# Narrow strips of drywall



## SquishyBall (Mar 19, 2013)

Where you have a surface with a 1-1/2" offset... Would you cut the 1" strip of drywall to fit the side edge of the offset?

Note the outside corner bead will overlap the inside corner tape... or even use a metal inside corner bead, seat that, then put the outside corner bead over that?

If you would do the strips, has anyone ripped them on a table saw? With the diamond blades you'd use for cutting concrete board siding of course, not a toothed blade.

Thanks!


----------



## joecaption (Nov 30, 2011)

Got a picture of what your trying to cover?
Never use a table saw! The gypsum dust will shorten the life of the motor.
Stick with a utility knife, for that narrow a cut I'd be supporting the drywall laying flat on saw horse's with 2 X 4's laying flat on top of them.
When trying to do any narrow inside or outside corner I try to plan it out so the narrow cut is as wide as possible first then do the wider section second.


----------



## mae-ling (Dec 9, 2011)

For narrow rips I use a plastic speed square. Put the knife on the desired measurement and run it along.
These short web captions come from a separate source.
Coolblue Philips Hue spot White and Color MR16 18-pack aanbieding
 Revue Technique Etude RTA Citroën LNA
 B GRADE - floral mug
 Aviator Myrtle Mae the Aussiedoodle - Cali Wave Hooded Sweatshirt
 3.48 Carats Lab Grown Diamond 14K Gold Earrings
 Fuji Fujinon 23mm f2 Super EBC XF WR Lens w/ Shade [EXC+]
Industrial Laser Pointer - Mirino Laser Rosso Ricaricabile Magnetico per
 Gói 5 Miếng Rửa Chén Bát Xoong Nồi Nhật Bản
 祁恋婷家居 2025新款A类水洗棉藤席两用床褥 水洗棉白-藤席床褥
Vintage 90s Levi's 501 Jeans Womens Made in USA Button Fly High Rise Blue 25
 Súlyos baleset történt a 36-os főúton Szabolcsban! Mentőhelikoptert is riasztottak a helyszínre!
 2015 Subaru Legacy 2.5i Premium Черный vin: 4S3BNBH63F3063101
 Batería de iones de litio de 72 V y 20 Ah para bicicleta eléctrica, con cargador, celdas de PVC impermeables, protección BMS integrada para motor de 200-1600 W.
Generally I would put the drywall on the front surface first, making it now 2", then the strip then the drywall on the back surface.


----------



## joecaption (Nov 30, 2011)

I just happen to own one of these so that's what I use.
http://malcoproducts.com/product/roofing-siding-gutter/siding-vinyl/siding-tools-vinyl/sider

Just using your hand to guide it along the edge works ok.


----------



## SquishyBall (Mar 19, 2013)

Alright here's a pic. 









Would you do A or B? i.e. do you need the little strip at all if the corner beads will overlap and bond to each other anyways?


----------



## SquishyBall (Mar 19, 2013)

joecaption said:


> http://malcoproducts.com/product/roofing-siding-gutter/siding-vinyl/siding-tools-vinyl/sider


The Sider device is kinda neat... I'll get one of those! I could also just make a fixed width jig out of a couple pcs of scrap plywood.


----------



## brockmiera (Oct 9, 2012)

Im no drywall expert but I'd be inclined to do A but without that small piece of drywall. I'd just put the corner bead, tape the corner, and float the 1" section.


----------



## mae-ling (Dec 9, 2011)

That slider is neat, would be great for siding!!!!!


----------